• _Directions_:
What you return should be every line below, word for word, and none of the images.

• _Dataset excerpt_:
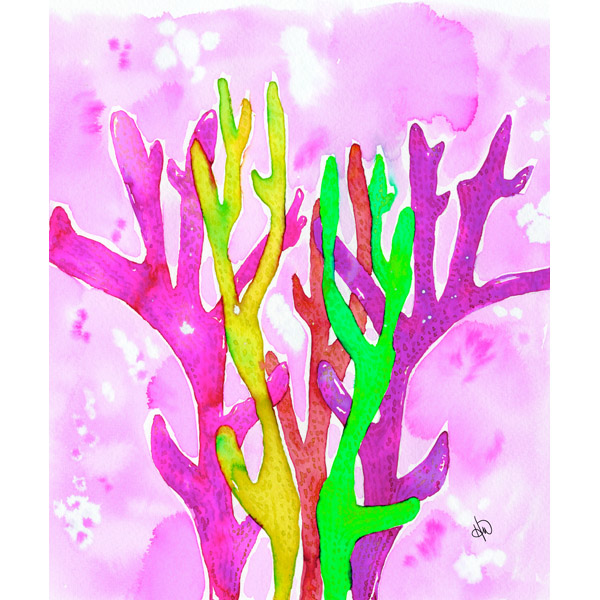 Rainbow Coral Alpha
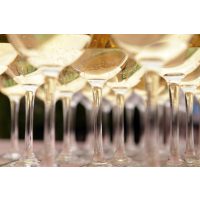 Schaumwein-Tasting Wien – Champagner in Gläsern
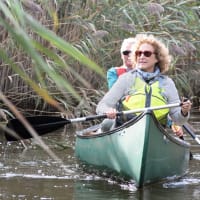 Neponset Estuary Morning Paddle thumbnail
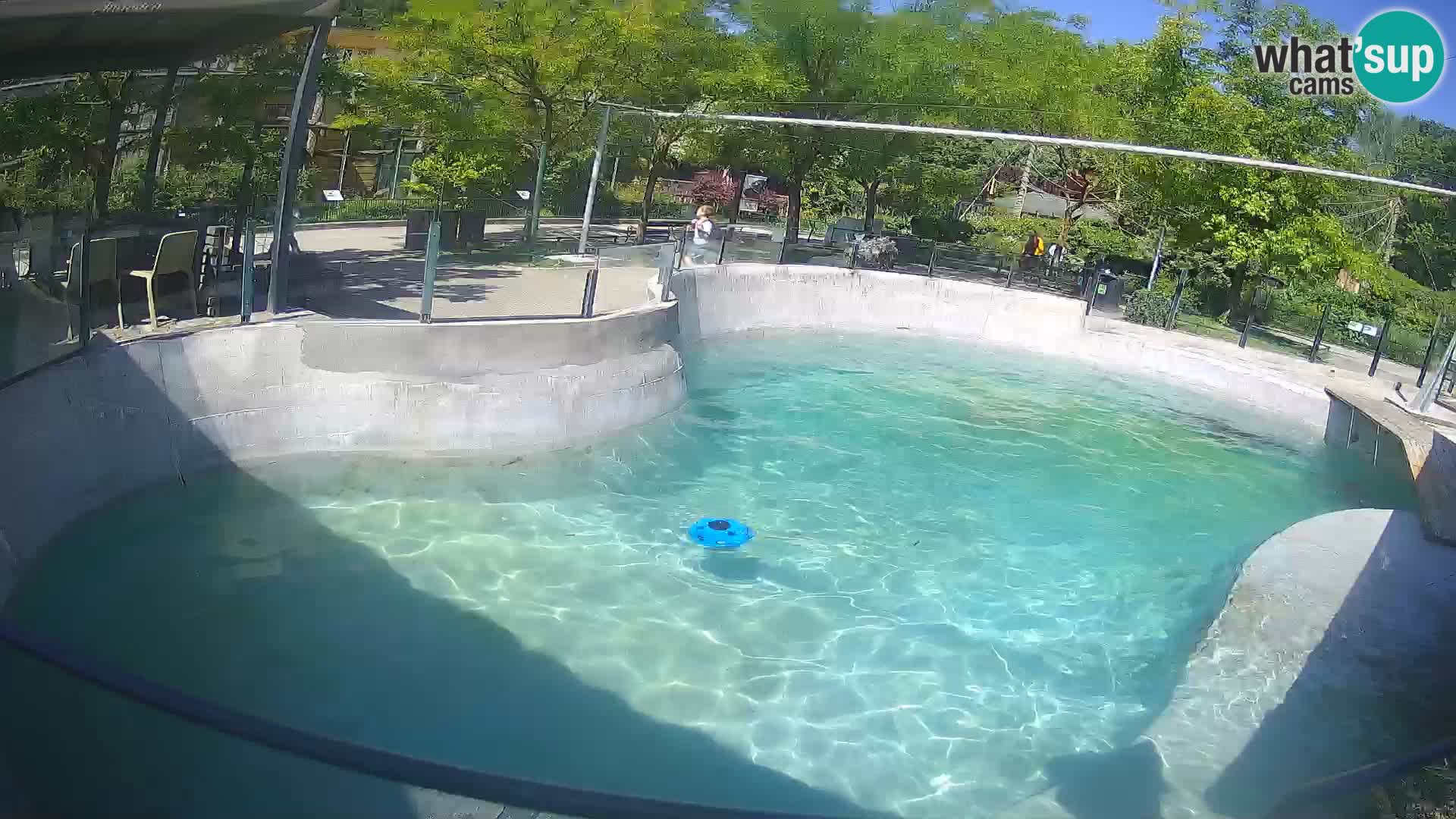 Zoo Zagreb – Kalifornijski morski lev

• _Answer to this task_:
 Rainbow Coral Alpha
 Schaumwein-Tasting Wien – Champagner in Gläsern
 Neponset Estuary Morning Paddle thumbnail
 Zoo Zagreb – Kalifornijski morski lev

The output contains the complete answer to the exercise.